Sotto l’antichissimo albero della Bodhi, il Principe Siddhartha seduto in profonda meditazione sta per raggiungere il risveglio che gli farà comprendere la causa della sofferenza umana e lo farà diventare il Buddha. Le belle ragazze sono illusorie, tentazioni con cui l’ego cerca di distrarre e separare il Principe dalla realtà. Assistono al miracolo dell’illuminazione tre bambini, uno occidentale e due locali, che vivono nel tempo attuale e sono reincarnazioni del Buddha. È una foto di scena del Piccolo Buddha (1993), l’unico film di genere fantastico di Bernardo Bertolucci. Come ha raccontato il regista: “Chiesi al Dalai Lama se potevo chiamare il mio film Piccolo Buddha. Lui rise e volle sapere perché volevo chiamarlo così. Perché vorrei che fosse un film per bambini, perché in Occidente quando si parla di buddhismo gli adulti sono come dei bambini, non sanno nulla.

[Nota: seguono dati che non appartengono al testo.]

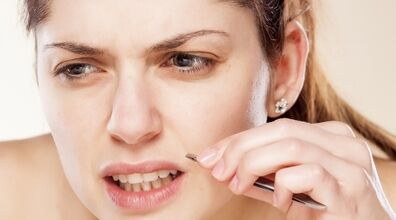 موهای زائد پشت لبت رو با روش های خانگی از بین ببر + فیلم آموزشی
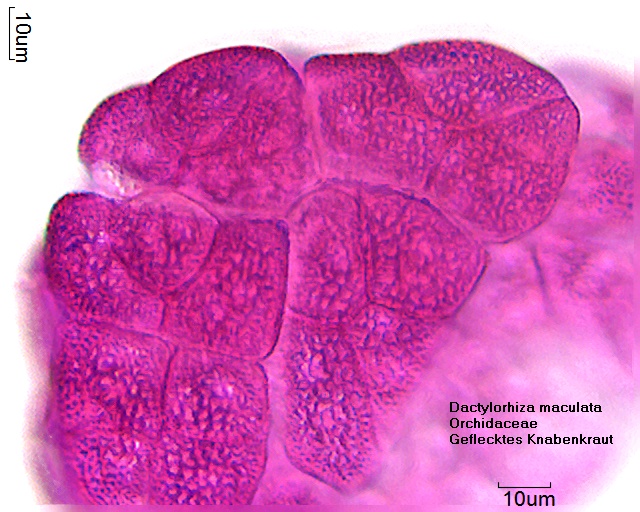 Pollen von Dactylorhiza maculata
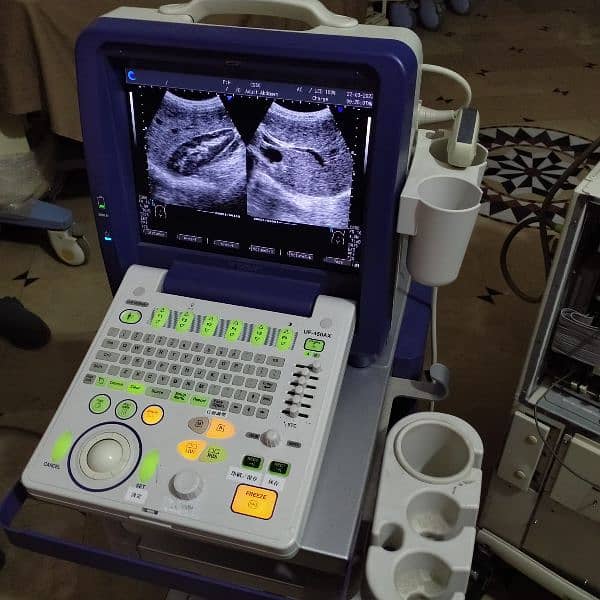 Ultrasound Machine's 9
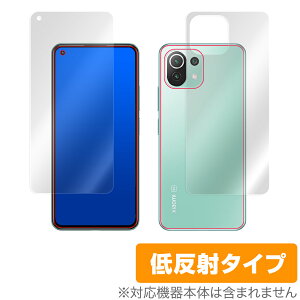 Xiaomi Mi 11 Lite 5G \ w tB OverLay Plus for VI~[ Mi11 Cg A`OA ᔽ  hw VI~[~[CuCg ~rbNX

Il Dalai Lama mi disse sì, anche perché siamo tutti dei bambini e dentro ognuno di noi c’è un piccolo Buddha. Qualcuno ha accusato il film di essere una favola, ma è esattamente quello che volevo fare: aprire una piccola finestra sul buddhismo”.

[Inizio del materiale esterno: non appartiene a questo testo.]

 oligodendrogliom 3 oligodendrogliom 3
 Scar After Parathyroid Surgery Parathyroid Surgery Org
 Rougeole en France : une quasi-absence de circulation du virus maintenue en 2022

Oltre al soggetto, anche la storia personale che mi ha portata a scattare questa foto mi sembra una favola, cioè qualcosa di straordinario più vero dell’ordinario. All’epoca sono una giovane fotografa, lavoro a Roma nel mondo dello spettacolo ma ho voglia di viaggiare lontano e sono irresistibilmente attratta dall’Oriente. Il mio primo viaggio da sola è nei monasteri tibetani in India, dove scatto ritratti che saranno pubblicati più volte.
Con una serie realizzo la mia prima, piccola mostra, in un romantico locale underground del regista Silvano Agosti e, sapendo che Bertolucci stava preparando il Piccolo Buddha, in cuor mio la dedico a lui, senza manco provare ad invitarlo, perché per me viveva in un altro mondo. All’inaugurazione non credo ai miei occhi: lo vedo davanti alle mie fotografie!
Non potendola contenere, racconto la mia emozione alla prima persona che mi è accanto, che si rivela suo grande amico nonché prolifico regista e realizzatore di documentari sui backstage de Il tè nel deserto e L’ultimo imperatore, Paolo Brunatto. Finisco a far parte di quella che Bernardo chiama “la piccola troupe romantica” che gira sul set del suo kolossal in Bhutan e Nepal. E la foto della scena dell’illuminazione è scattata con uno spezzone di pellicola pretrattata da Vittorio Storaro con uno dei suoi immancabili filtri orange, e sviluppata nello stesso laboratorio del film.
Può una fotografia raccontare una favola? La fotografia, anche se nata in pieno positivismo con l’ossessione della registrazione obiettiva, imparziale della realtà, è sempre, più o meno, una finzione. Perfino dell’immagine più iconica del fotogiornalismo e forse di tutto il XX° secolo, “Il miliziano colpito a morte” di Robert Capa, ancora non si ha la certezza che sia autentica. Il fotogiornalismo è il genere che dovrebbe mentire il meno possibile. Ma alcune immagini anche se sono finzioni raccontano la verità, come le favole.
Quella foto racconta meglio di ogni altra, il trauma della morte in guerra e in fondo poco importa se sia stata scattata durante una battaglia o una schermaglia, un’esercitazione o addirittura messa in scena, poiché nessuno può mettere in dubbio l’esperienza e la capacità di raccontare di Capa, e dunque la sua credibilità.
Come diceva Picasso: “L’arte è una menzogna che ci permette di dire la verità”. È ben altra la manipolazione da smascherare e combattere, oggi ancora più potente grazie all’intelligenza artificiale.